Corona will be one of the most capable of the seven LLNL supercomputers made available to researchers through the COVID-19 HPC Consortium, which involves more than a dozen member institutions in government, industry and academia and is spearheaded by the White House Office of Science and Technology Policy, the U.S. Department of Energy and IBM. The consortium aims to accelerate development of detection methods and treatments for COVID-19. AMD officially joined the consortium on April 6.
AMD software engineers will provide support in porting certain applications critical to the COVID-19 effort to Corona and optimizing the performance of the GPUs on relevant applications.
The Corona system also will aid LLNL researchers in their hunt for potential antibodies and antiviral drugs to combat the virus. COVID-19 has become a top priority for the Corona system, where it is being used to virtually screen, design and validate antibody candidates for SARS-CoV-2 and to simulate the interaction of small molecules with the virus’ proteins to discover possible antiviral compounds. The upgrade will allow LLNL researchers to speed up the modeling of molecular interactions vital to the effort and run a wider and more diverse set of applications on the system.
“The addition of these new state-of-the-art GPUs on Corona will boost the capability of the teams working on COVID-19,” said Jim Brase, LLNL’s deputy associate director for Programs. “It’s going to allow us to go faster, with more throughput. We’ll have more resources, so we can run more cases and potentially get to new designs for both antibodies and small molecules faster, that may lead to better treatments.

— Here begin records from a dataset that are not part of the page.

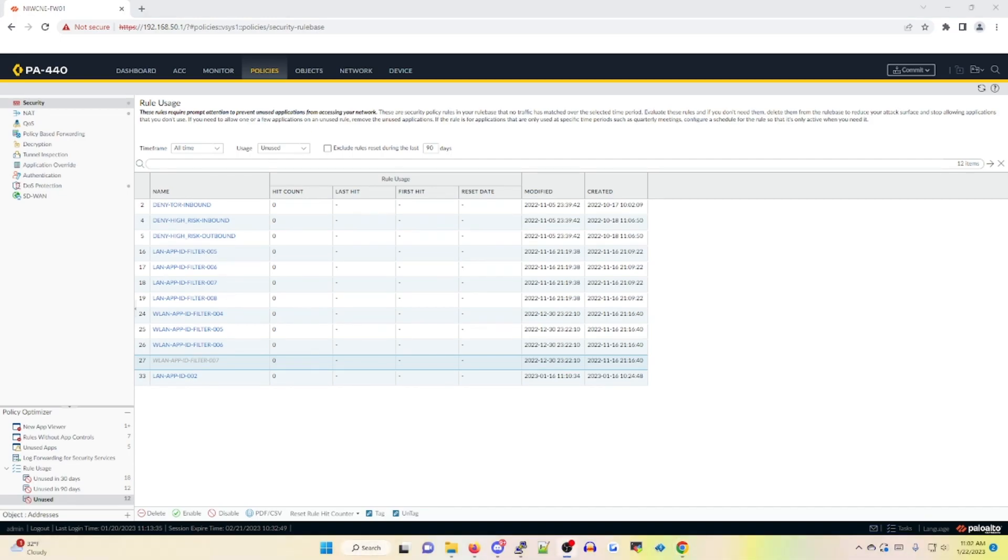In conclusion, I hope this video helped you learn how to use the policy optimizer tool and how to leverage this tool within your network. As always, I've included some helpful KB articles below. Thank you again for watching. And if you have any suggestions, please leave a comment below.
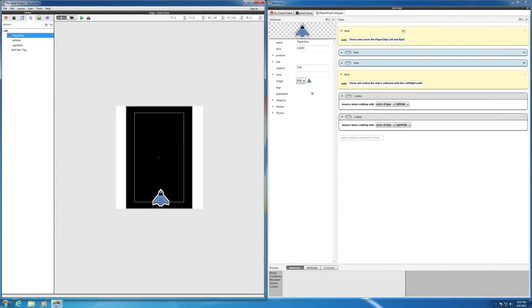In this video I want to introduce you to the concept of tags, which can save you a considerable amount of time when coding. For example, in this case we have two collision behaviors here with a left wall and the right wall.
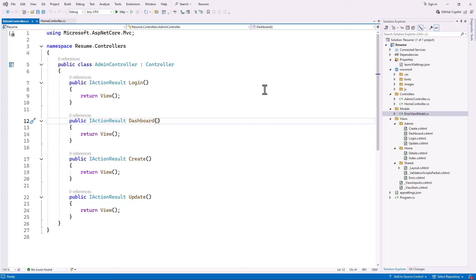In this video, we are going to create our models for our project, set up Entity Framework, and create our database. Let's get started.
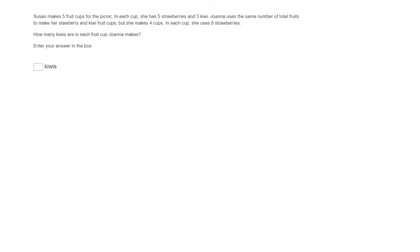Okay, so this problem is very confusing, so it is important to only look one sentence at a time. Let's not look ahead. Okay, let's look at the first sentence.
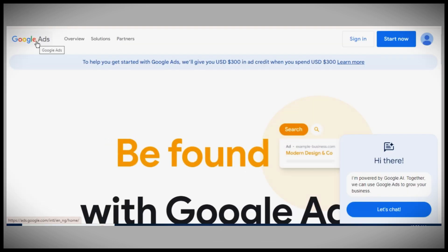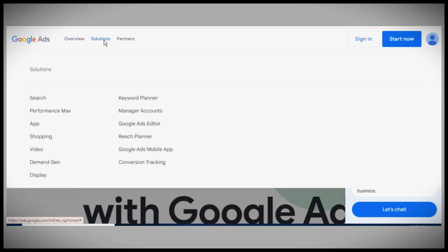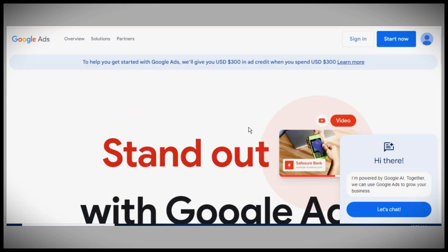That's all you need to know about paying for Google Ads with PayPal. If this video was helpful, please like it, and thank you for watching.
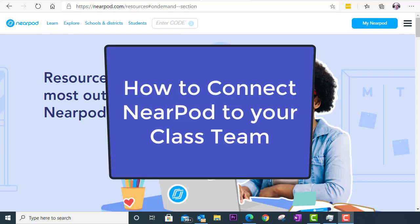In this video, we will look at how you can connect the Nearpod app to your class team.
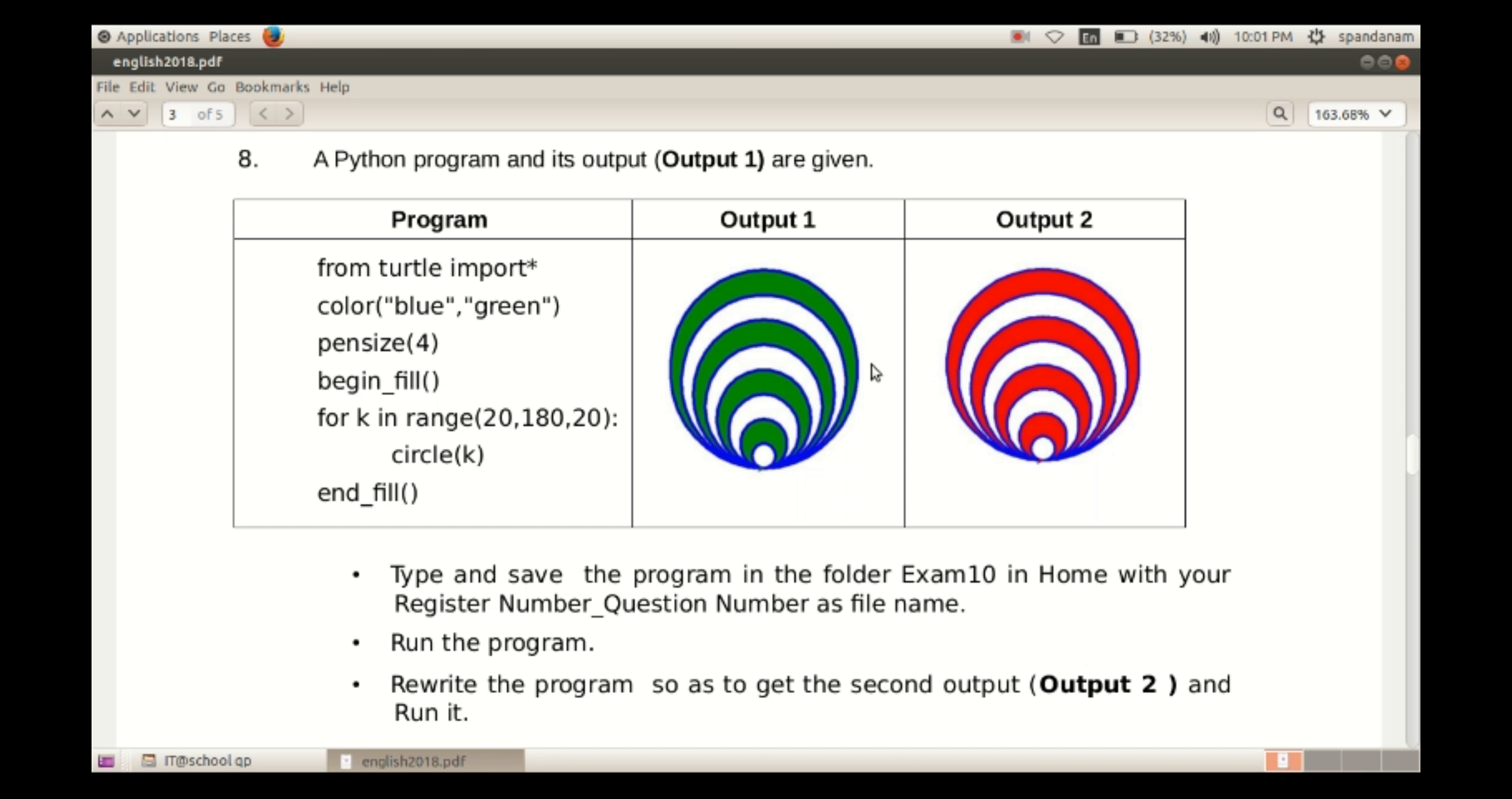A Python program and its output are given. We have to type and save the program in the folder Exam10 in Home with the register number and question number as file name.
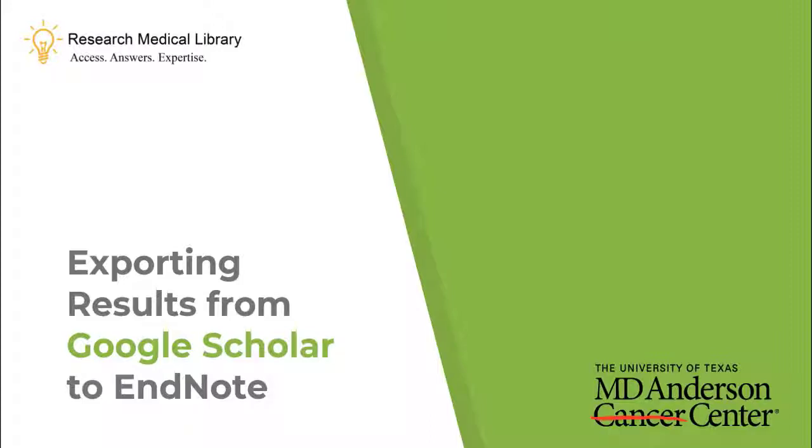In this video, I will be showing how to export search results from Google Scholar to EndNote.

They’ll also enable some of our new software, both for simulation and machine learning applications, to run more efficiently and better.”
Employing a first-of-its-kind virtual screening platform combining experimental data with machine learning, structural biology, bioinformatic modeling and high-fidelity molecular simulations, a team of LLNL researchers has used the Corona system to evaluate therapeutic antibody designs that could have improved binding interactions with the SARS-CoV-2 antigen protein. The team has narrowed the list of antibody candidates from a nearly infinite set to about 20 possibilities and has begun exploring additional antibody designs. The researchers believe the upgrade will double the number of computationally expensive simulations they are performing, making it more likely they’ll discover an effective antibody design.
LLNL computer scientists and computational biologists also are using the Corona system to examine millions of small molecules that could have anti-viral properties with SARS-CoV-2. Increasing the speed and performance of Corona will allow researchers to perform additional, highly detailed molecular dynamics calculations to better evaluate possible SARS-CoV-2 target sites for small molecule inhibitors that could prevent infection or treat COVID-19.